PID Controller Tuning

The web site de-emphasizes tuning of control functions, given that the underlying issues are subordinate and more widely recognized than those covered. Nevertheless an unfamiliar reader should not take tuning for granted or assume that the default tunings provided by some of the demos would be provided automatically in real practice. Until recently, controllers did not tune themselves, even though the manual tuning has been well understood (at least by practitioners) for a half century. Even now, when automatic tuning is well accepted commercially, the issues underlying tuning are not generally understood. There is an important distinction between academic computing of control parameters and the kind of manual tuning used by the authors and other practitioners.
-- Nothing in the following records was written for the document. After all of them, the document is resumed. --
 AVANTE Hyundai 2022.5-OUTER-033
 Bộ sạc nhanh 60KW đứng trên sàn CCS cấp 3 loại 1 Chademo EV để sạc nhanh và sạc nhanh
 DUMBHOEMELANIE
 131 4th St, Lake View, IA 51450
Generally manual tuning can give better results than formal computation of parameters, in an iterative process which is easy to carry out but hard to theorize about. Tuning is better partly because real processes can only be approximated. Theory is hard because accurate approximation is typically much more difficult theoretically than exact solution. There is a large literature on both academic and practical ways of arriving at tunings. The Documentation Tool emphasizes PID control although this is not the only control function requiring tuning. The Simple Idiom Loop Demo allows experimental tuning of the P and I parameters of PI and PID controllers.
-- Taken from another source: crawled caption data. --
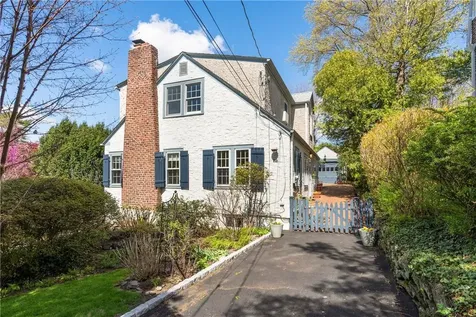 21 Alden Road Larchmont NY 10538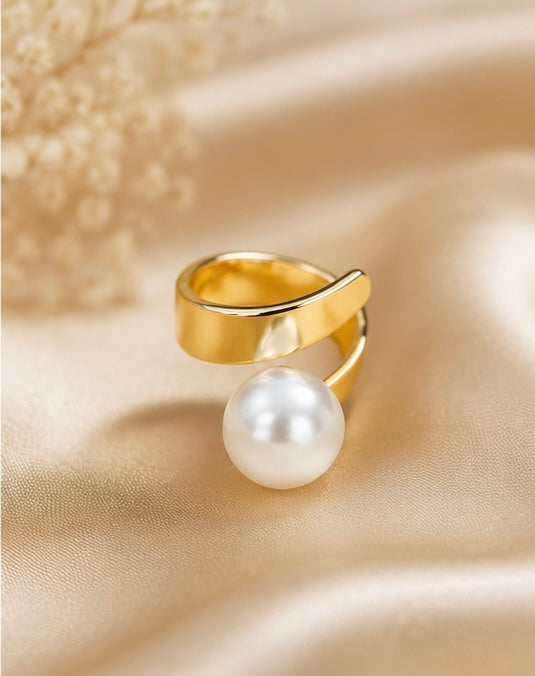 Bold Pearl Adjustable Ring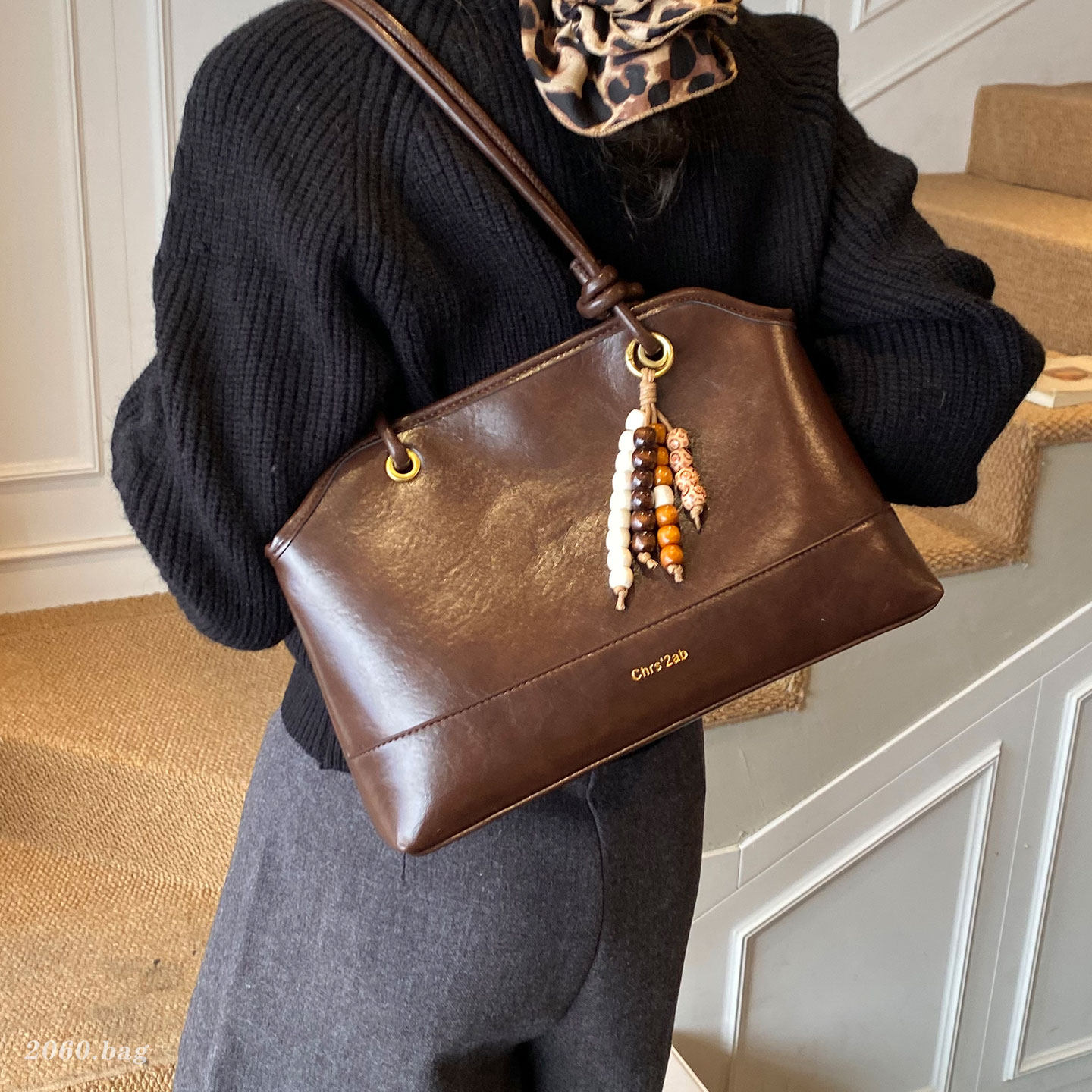 休闲复古油蜡皮大容量托特包2025女上班通勤时尚潮冬季新款单肩包,箱包皮具/热销女包/男包,托特包,淘宝优惠券,粉丝福利购,淘宝优惠卷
For a deeper discussion of this tuning look at E.H. Bristol, "Understanding the PID and Its Tuning", IFAC PID01 Workshop, Terrassa, Spain, April 2000. This paper is really a prayer for some bright thinker, deep theory capable and practice sympathetic, to seriously attack the problem as seen by the practitioner and, once and for all, provide that complete, general, teachable treatment of the subject [Unrequited Love #2]. The goal should be an end to the endless "Yet Another Tuning Strategy" papers, an end which would explain or disprove anything in the prior ART. At least for the linear aspects of the PID.


As an afterthought, commercial PID controllers include a lot of mechanisms to accommodate nonlinear effects (e.g. valve limiting), outside of the linear theory. A best general reference on these mechanisms is: Karl J. Aström and Tore Hägglund, Advanced PID Control. Generally these mechanisms can be accommodated by tuning only in the linear controller regimes.

The "Understanding the PID and Its Tuning" workshop reference gives a proof that Derivative cannot be used on pure delay (dead time) processes. The problem was suggested by this same Karl Astrom in a discussion prior to the workshop. My own thinking was that some nonlinear Derivative variant could overcome the difficulty. This may still be true, but the proof is too elegant to undercut that way, even if in frequency domain, rather than in root locus like the main discussion! One wonders if there are other similar provable limits to PID use, to be found. They would be no substitute for a general treatment, but certainly contributory to it.